= Neratia gens =

Ancient Roman family

The gens Neratia or Naeratia was a plebeian family at ancient Rome, some of whom subsequently became patricians. The first of the gens to appear in history occur in the time of Augustus, but they did not rise to prominence until the time of Vespasian, when Marcus Neratius Pansa became the first to obtain the consulship. The Neratii married into the Roman imperial family in the fourth century.

==Origin==
The nomen Neratius is classified by Chase with a group of names, ending in -atius, either because they were derived from cognomina ending in -as or -atis, indicating cognomina derived from place names, or from passive participles ending in -atus.

==Members==

===Neratii Pansae et Prisci===
- Marcus Hirrius Fronto Neratius Pansa, probably the adoptive father of Marcellus, was consul suffectus about AD 75. He had been governor of Lycia, and was probably made a patrician in 73 or 74; he passed this status to Marcellus.
- Lucius Neratius Priscus, probably the father of the jurist Priscus, and the natural father of Marcellus, was consul suffectus in AD 87.
- (Marcus Hirrius) Lucius Neratius M. f.

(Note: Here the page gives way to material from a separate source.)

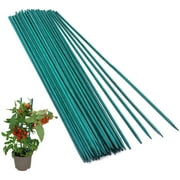 NOGIS 10 Pcs Plant Sticks Green Plant Stakes, Plant Support Garden Stakes for Indoor and Outdoor Plants, Sturdy Garden Wood Bamboo Sticks, Floral Plant Stakes for Garden Potted Plants（15 In）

Marcellus, consul suffectus in AD 95, and afterward governor of Britain, was an influential man in the court of Trajan. He was consul ordinarius in 129.
- Lucius Neratius L. f. Priscus, a jurist who flourished during the reigns of Trajan and Hadrian. He wrote several books on the law, from which a number of excerpts are found in the Digest. He was consul suffectus in AD 97. Trajan is said to have considered him a possible successor.
- Lucius Corellius L. f. M. n. Neratius Pansa, consul in AD 122, was the son of Marcellus and his first wife, Corellia Hispulla.
- Lucius Neratius L. f. L. n. Priscus, son of the jurist Priscus, was consul suffectus in an uncertain year.
- Neratia L. f. L. n. Marullina, daughter of the jurist Priscus, married Gaius Fufidius Atticus, and was the mother of Gaius Neratius Fufidius Annianus, Atticus, and Priscus.
- Gaius Neratius Fufidius C. f. Annianus.
- Gaius Neratius Fufidius C. f. Atticus.
- Gaius Neratius Fufidius C. f. Priscus.
- Neratia L. f. L. n. Anteia Rufina Naevia Deciana, granddaughter of the jurist Priscus. A monument in her name, dating from the middle portion of the second century, was decreed by the decurions of Saepinum in Samnium.

===Neratii Proculi===
- Lucius Neratius C. f. C. n. Proculus, (Note: His nephew's name features an unusual four-generation filiation, telling us that Proculus' great-grandfather was also named Gaius.) a Roman senator in the time of Antoninus Pius. He had a distinguished military career, and was consul suffectus, but the year is uncertain.
- Neratia C. f. C. n. Procilla, married Gaius Betitius Pietas, and was the mother of Gaius Neratius Proculus Betitius Pius Maximillianus.
- Gaius Neratius Proculus Betitius C. f. C. n. Pius Maximillianus.

===Others===
- Neratia, the wife of Marcus Antistius Labeo, a jurist in the time of Augustus.
- Quintus Neratius Proxsimus, a colonist at Lindum Colonia in Britain. His rare nomen suggests that he may have received Roman citizenship from Lucius Neratius Marcellus, the governor of Britain at the end of the first century.
- Neratia Aemiliana.
- Neratius Gallus.
- Neratius Scopius.
- Neratius Cerealis, urban prefect of Rome in 352–353 AD and consul in 358.
- (Neratia) Galla, sister of Cerealis, and wife of Julius Constantius, brother of the emperor Constantine, whom she predeceased. She was the mother of Constantius Gallus.